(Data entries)

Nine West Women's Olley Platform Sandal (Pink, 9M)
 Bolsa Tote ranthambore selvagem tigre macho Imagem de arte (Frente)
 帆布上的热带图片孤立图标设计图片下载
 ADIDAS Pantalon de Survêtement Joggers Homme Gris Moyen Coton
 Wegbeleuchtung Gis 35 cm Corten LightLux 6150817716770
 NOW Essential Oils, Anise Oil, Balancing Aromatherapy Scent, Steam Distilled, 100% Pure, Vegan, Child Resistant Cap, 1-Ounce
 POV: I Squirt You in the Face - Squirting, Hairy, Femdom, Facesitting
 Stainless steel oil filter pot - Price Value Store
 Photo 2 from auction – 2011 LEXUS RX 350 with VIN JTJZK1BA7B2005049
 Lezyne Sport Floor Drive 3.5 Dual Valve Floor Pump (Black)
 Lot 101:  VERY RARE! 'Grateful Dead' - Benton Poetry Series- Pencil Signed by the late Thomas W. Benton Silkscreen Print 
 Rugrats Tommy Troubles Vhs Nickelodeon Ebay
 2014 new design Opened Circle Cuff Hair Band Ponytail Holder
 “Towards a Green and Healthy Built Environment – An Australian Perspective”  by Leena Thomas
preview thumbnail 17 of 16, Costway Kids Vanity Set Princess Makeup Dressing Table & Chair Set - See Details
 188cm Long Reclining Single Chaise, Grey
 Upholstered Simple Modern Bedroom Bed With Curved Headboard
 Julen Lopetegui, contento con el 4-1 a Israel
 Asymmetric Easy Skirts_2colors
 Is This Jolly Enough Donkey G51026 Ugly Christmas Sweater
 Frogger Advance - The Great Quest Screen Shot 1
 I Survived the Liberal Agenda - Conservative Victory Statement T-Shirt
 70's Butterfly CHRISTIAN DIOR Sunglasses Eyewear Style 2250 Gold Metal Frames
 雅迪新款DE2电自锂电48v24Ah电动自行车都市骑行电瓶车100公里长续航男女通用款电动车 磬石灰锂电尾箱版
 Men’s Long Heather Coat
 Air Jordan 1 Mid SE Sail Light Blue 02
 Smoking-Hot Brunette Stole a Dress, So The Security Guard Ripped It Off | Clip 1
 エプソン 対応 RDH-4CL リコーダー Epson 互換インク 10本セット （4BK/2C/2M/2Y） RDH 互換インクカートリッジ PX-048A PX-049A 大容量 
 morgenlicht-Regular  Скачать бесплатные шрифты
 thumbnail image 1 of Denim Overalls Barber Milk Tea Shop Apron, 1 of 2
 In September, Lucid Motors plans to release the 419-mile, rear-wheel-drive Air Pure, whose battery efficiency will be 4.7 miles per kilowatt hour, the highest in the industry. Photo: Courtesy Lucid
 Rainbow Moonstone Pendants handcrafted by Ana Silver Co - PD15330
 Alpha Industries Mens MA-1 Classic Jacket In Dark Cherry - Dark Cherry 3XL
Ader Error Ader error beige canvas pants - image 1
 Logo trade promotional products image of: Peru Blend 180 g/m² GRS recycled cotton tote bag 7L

> [What you are asked to do] The reply must repeat all of the records precisely.

> [Written reply]
Nine West Women's Olley Platform Sandal (Pink, 9M)
 Bolsa Tote ranthambore selvagem tigre macho Imagem de arte (Frente)
 帆布上的热带图片孤立图标设计图片下载
 ADIDAS Pantalon de Survêtement Joggers Homme Gris Moyen Coton
 Wegbeleuchtung Gis 35 cm Corten LightLux 6150817716770
 NOW Essential Oils, Anise Oil, Balancing Aromatherapy Scent, Steam Distilled, 100% Pure, Vegan, Child Resistant Cap, 1-Ounce
 POV: I Squirt You in the Face - Squirting, Hairy, Femdom, Facesitting
 Stainless steel oil filter pot - Price Value Store
 Photo 2 from auction – 2011 LEXUS RX 350 with VIN JTJZK1BA7B2005049
 Lezyne Sport Floor Drive 3.5 Dual Valve Floor Pump (Black)
 Lot 101:  VERY RARE! 'Grateful Dead' - Benton Poetry Series- Pencil Signed by the late Thomas W. Benton Silkscreen Print 
 Rugrats Tommy Troubles Vhs Nickelodeon Ebay
 2014 new design Opened Circle Cuff Hair Band Ponytail Holder
 “Towards a Green and Healthy Built Environment – An Australian Perspective”  by Leena Thomas
preview thumbnail 17 of 16, Costway Kids Vanity Set Princess Makeup Dressing Table & Chair Set - See Details
 188cm Long Reclining Single Chaise, Grey
 Upholstered Simple Modern Bedroom Bed With Curved Headboard
 Julen Lopetegui, contento con el 4-1 a Israel
 Asymmetric Easy Skirts_2colors
 Is This Jolly Enough Donkey G51026 Ugly Christmas Sweater
 Frogger Advance - The Great Quest Screen Shot 1
 I Survived the Liberal Agenda - Conservative Victory Statement T-Shirt
 70's Butterfly CHRISTIAN DIOR Sunglasses Eyewear Style 2250 Gold Metal Frames
 雅迪新款DE2电自锂电48v24Ah电动自行车都市骑行电瓶车100公里长续航男女通用款电动车 磬石灰锂电尾箱版
 Men’s Long Heather Coat
 Air Jordan 1 Mid SE Sail Light Blue 02
 Smoking-Hot Brunette Stole a Dress, So The Security Guard Ripped It Off | Clip 1
 エプソン 対応 RDH-4CL リコーダー Epson 互換インク 10本セット （4BK/2C/2M/2Y） RDH 互換インクカートリッジ PX-048A PX-049A 大容量 
 morgenlicht-Regular  Скачать бесплатные шрифты
 thumbnail image 1 of Denim Overalls Barber Milk Tea Shop Apron, 1 of 2
 In September, Lucid Motors plans to release the 419-mile, rear-wheel-drive Air Pure, whose battery efficiency will be 4.7 miles per kilowatt hour, the highest in the industry. Photo: Courtesy Lucid
 Rainbow Moonstone Pendants handcrafted by Ana Silver Co - PD15330
 Alpha Industries Mens MA-1 Classic Jacket In Dark Cherry - Dark Cherry 3XL
Ader Error Ader error beige canvas pants - image 1
 Logo trade promotional products image of: Peru Blend 180 g/m² GRS recycled cotton tote bag 7L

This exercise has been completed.